P.S. By the way, however, if G&E were indeed lovers, I would assume that they didn't get into any sort of Rectal Shenanigans, since the king almost immediately acknowledges the wild-man as his peer and equal (even making him a prince). Presumably they would've stayed on second base, so to speak -- i.e., French kisses, heavy-petting, dry-humping -- without penetrating each other. (Ditto for Patroklos and Achilles.)

In many or most societies of the ancient Middle East and Mediterranean*, getting passively cornholed was a Very Special Privilege exclusively reserved for low-caste male slaves, eunuchs, rentboys, foreign POWs... and women. But receptive anal sex was a "pleasure" cruelly denied to respectable freeborn men, who were restricted to the active/insertive role if they hoped to keep their respectability. Even in swingin' Greece, an adult male citizen who voluntarily allowed another man to enter via the back door could be permanently blacklisted from holding public office -- and Aristophanes mocked such guys with the term euryprōktoi, "wide-anus'd"!

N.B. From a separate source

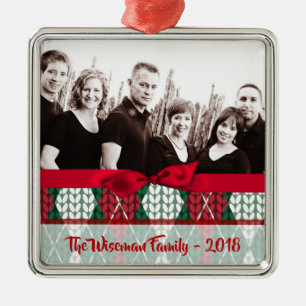 Personalized Christmas Ugly Sweater PHOTO Ornament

In the worldview of ancient readers, then, it would've been culturally unthinkable for Gil & Enk -- as equals and mythic heroes -- to even consider subjecting one another to the masochistic indignity of takin' it in the wazoo. (I'm quite aware that many gay men nowadays defend buggery as Loving And Egalitarian, and some argue that letting a guy up your butt is not intrinsically more submissive or kinky than giving him a nice, easy handjob. But I'd insist that historically speaking, this attitude should be seen as a very recent Western "anomaly.")

* [Indeed, for that time and era, the notorious death-penalty verse in Leviticus 20:13 seems ironically "progressive" in its very harshness, at least insofar as it rejects an unfair double standard for Tops versus Bottoms: "If one male anally penetrates another male in imitation of vaginal intercourse ("as with a woman"), both guys are equally disgraced, and in jeopardy of their lives." --ed.]